Emotional pain, just like physical pain is pretty horrible when you are connected to it. You escalate it when you say…..this thing that is how it is shouldn’t be how it is. I wish it wasn’t how it is…… That’s how to increase your suffering. Suffering happens in the space between how it is and how you wish it was.

But I wish it wasn’t like this you say! Well my Grandmother would then say “Spit in one hand and wish in the other and see which gets full fastest”

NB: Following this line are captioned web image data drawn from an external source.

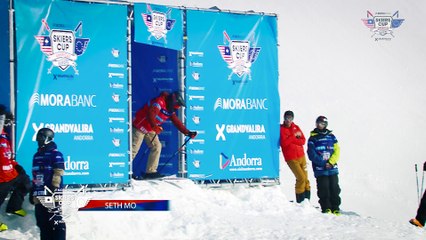 Run Seth Morrison - BC Slopestyle Round 1 - Mora Banc Skiers Cup Grandvalira 2016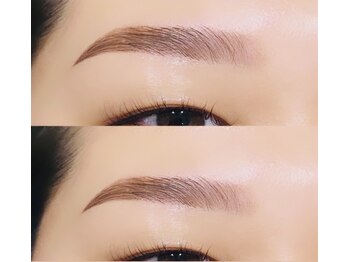 リ アイズプラス(RE EYES +)の写真/なりたい理想を伺い、骨格バランスを見て形や太さをご提案◎自分に似合う眉毛を一緒に見つけましょう★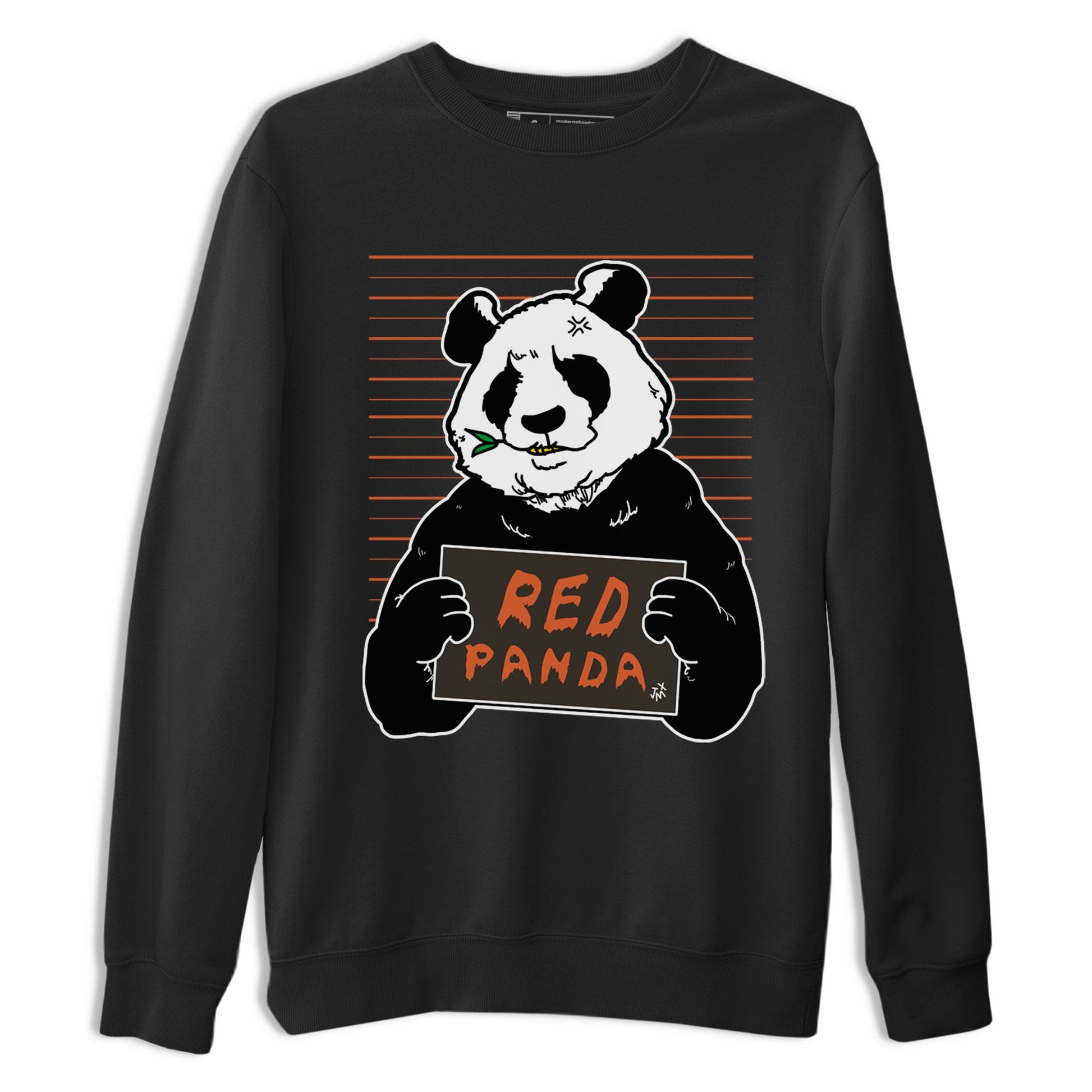 Nike Dunk Low Red Panda shirt to match jordans Mugshot sneaker tees Dunk Red Panda SNRT Sneaker Release Tees Unisex Black 2 T-Shirt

Once you get that it is how it is, everything you have ever learned about getting through things like this will be available to you. You will be maximally intelligent. When it is how it is and it isn’t how it isn’t you are right there, at the start of your future

The funniest conversation I’ve had this week about that was with a man who was railing against the justice system, which let’s face it, is broken. It isn’t how it should be, that’s for sure. He was suffering by wishing it would function the way it is supposed to. Ha!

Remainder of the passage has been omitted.